Faces had danced in his dreams all night, Spangler sneering, Lucy Whitaker glaring, the old earl cackling in hellfire, David, as he remembered him at fourteen, lusting after the Whitaker woman, and Maddy sad and disapproving, each worse than the next in an endless cycle. Sleep, he thought, offered less solace than facing the day.
He rose with a groan, still dressed from the night before, and sluiced his hair and face with water from the pitcher left on his washstand next to two empty bottles of rum. He rubbed a hand along his jaw. He needed a shave, but he needed coffee more.
Staggering down the stairs to the empty taproom, he hoped to duck into the kitchen unseen. Perhaps Annie would feed him so he could slip back upstairs. I need time to think.
He didn’t get it.
“Up, are you?”
He squeezed his eyes to focus. Robert Benson, innkeeper, stood behind the bar holding out a glass of noxious looking liquid. “You’ll be needing this,” the old man said. He’d been lying in wait.
Rob didn’t question it. Da knew his drunks. He gagged it down. “Achh, are you trying to poison me? I came for coffee.” He rubbed his tongue against his teeth. “What did you put in that?”
“Trade secret. You look like hell.”
“Good. It’s how I feel.”
“I gather things went poorly with Spangler.”

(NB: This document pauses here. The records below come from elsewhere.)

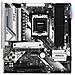 Scheda Madre Micra ATX 64 GB (2x32 GB) DDR5 DIMMs PCIe 4.0 x16 Socket AMD Ryzen™ 5, AMD Ryzen™ 7 Chipset AMD B650 - Foto miniatura 1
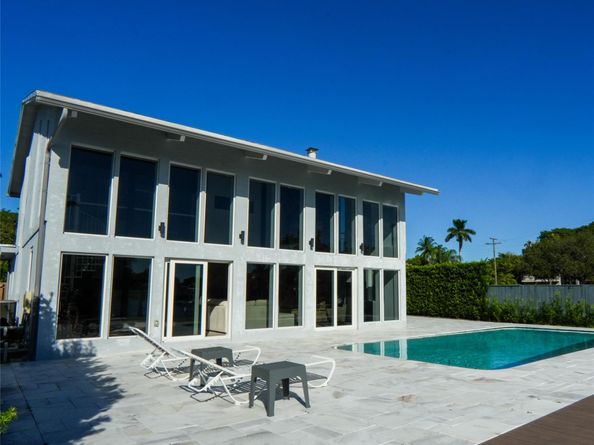 600 N Victoria Ter, Fort Lauderdale FL 33304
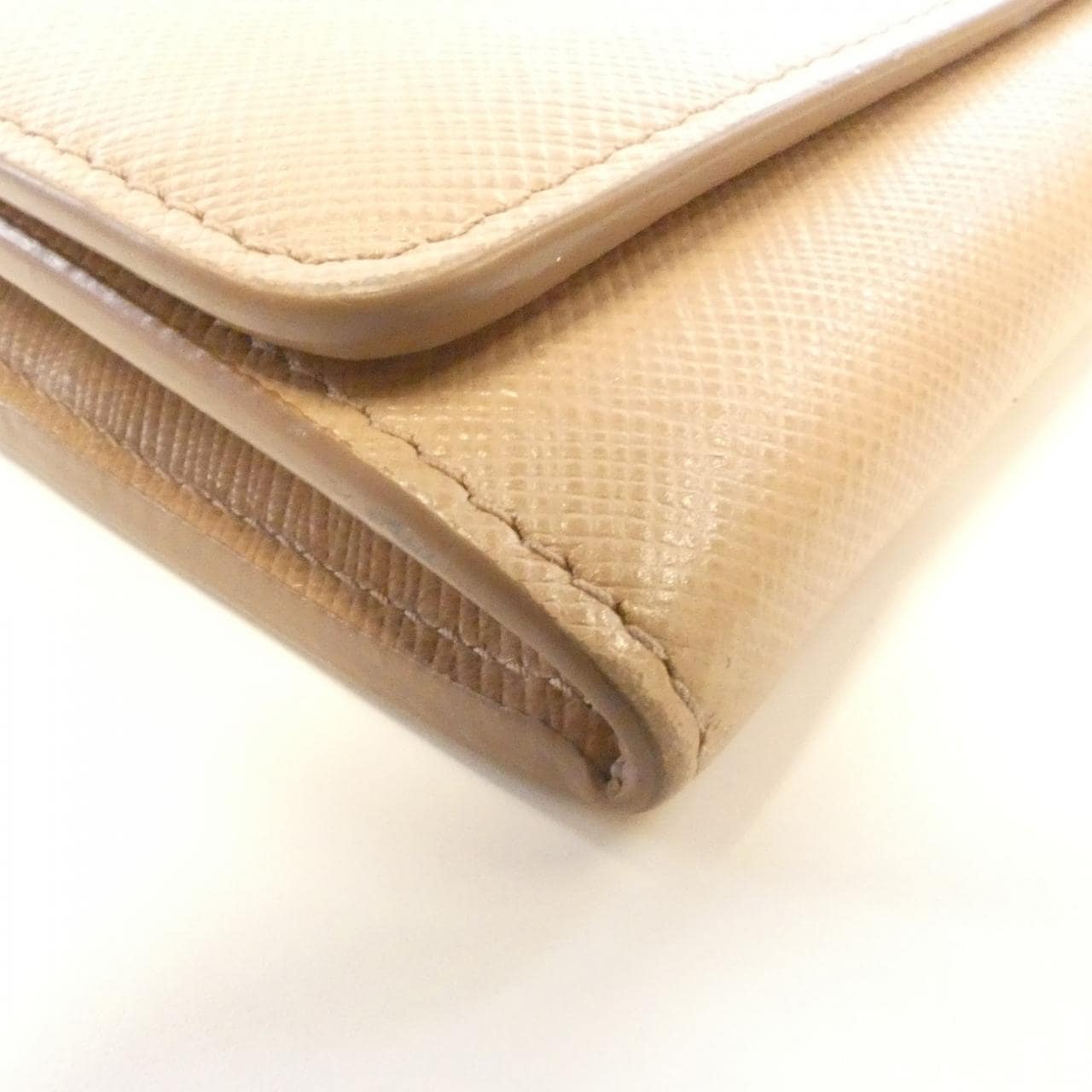 プラダ 1MH132 財布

“Slimy toad, that one,” Rob muttered.
“I always thought so. Did he try to cheat you out of Willowbrook?”
Rob’s brain sprang to life. “Does all of Ashmead know about the will?”

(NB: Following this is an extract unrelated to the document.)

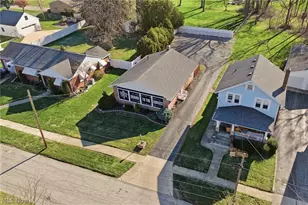 128 Walter St, Bellevue, OH 44811 - Photo 29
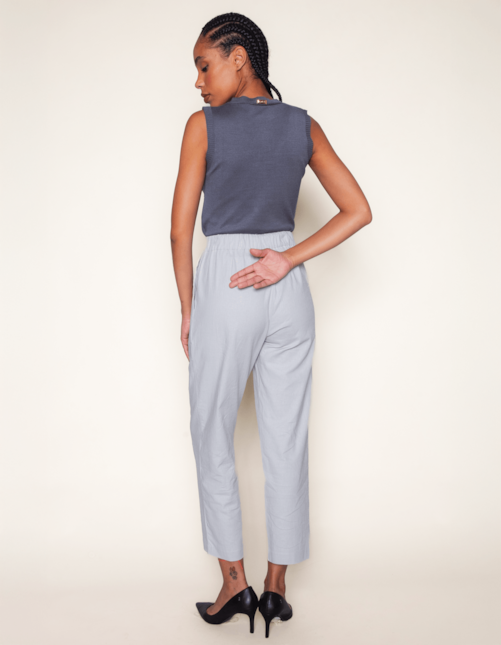 Produto imagem - b0e331d5-4e70-4aa2-87cd-e057ed8bcba5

The old man chuckled. “How could they not? The old earl’s bastards, genuine and false, turned up in crowds to collect.”
Genuine and false… Lucy Whitaker has dealt with imposters. It explained the musket.
“Why didn’t you warn me?” Rob demanded.
“Are you speaking with me now, then? I figured Spangler wrote, and if you meant to answer, you would. I told Emma to leave you be, but that girl has a mind of her own.”

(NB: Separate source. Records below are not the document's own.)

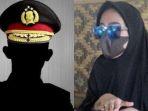 Nur-yang-mengaku-istri-Polisi.jpg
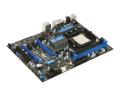 msi 870a fuzion retail extra photo 1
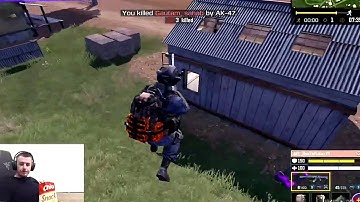 Hacker Found By CoD Narco In His Custom Room #codm #funny @ZARACOD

“She does that.” A mug of coffee appeared on the bar with a Chelsea bun next to it, and a blushing Clara darted back through the kitchen door. He leaned an elbow on the bar and sipped the hot back liquid cautiously, and, when his stomach didn’t rebel, nibbled the bun.
“What do you plan to do?” The man behind the bar asked.
“Dispose of Willowbrook and go back to my own life,” he said. If his determination to leave hurt, the old man gave no sign, but nagging guilt pushed Rob to say more. “I’ve been offered a position overseeing security details for the Russian, Prussian, and French ambassadors. Lord Rockford expects me in a week.”
The pride on the face of the man who raised him should have felt good. Why did it fill him with guilt?
“How do you plan to dispose of Willowbrook?”
“Sell it. Give it away. Hire a steward. The earl needs to remove his doxie from the place first.”
The old man’s brows shot up. “Doxie? You can’t mean Lucy Whitaker!” When Rob stared at him without denying it, laughter bubbled over until the old man had to hold his stomach. He wiped his eyes with one hand and breathed in to settle himself. “Dear God, Robbie, we need to talk. Get yourself decent—take a bath, for goodness sake—and meet me in my office in an hour.”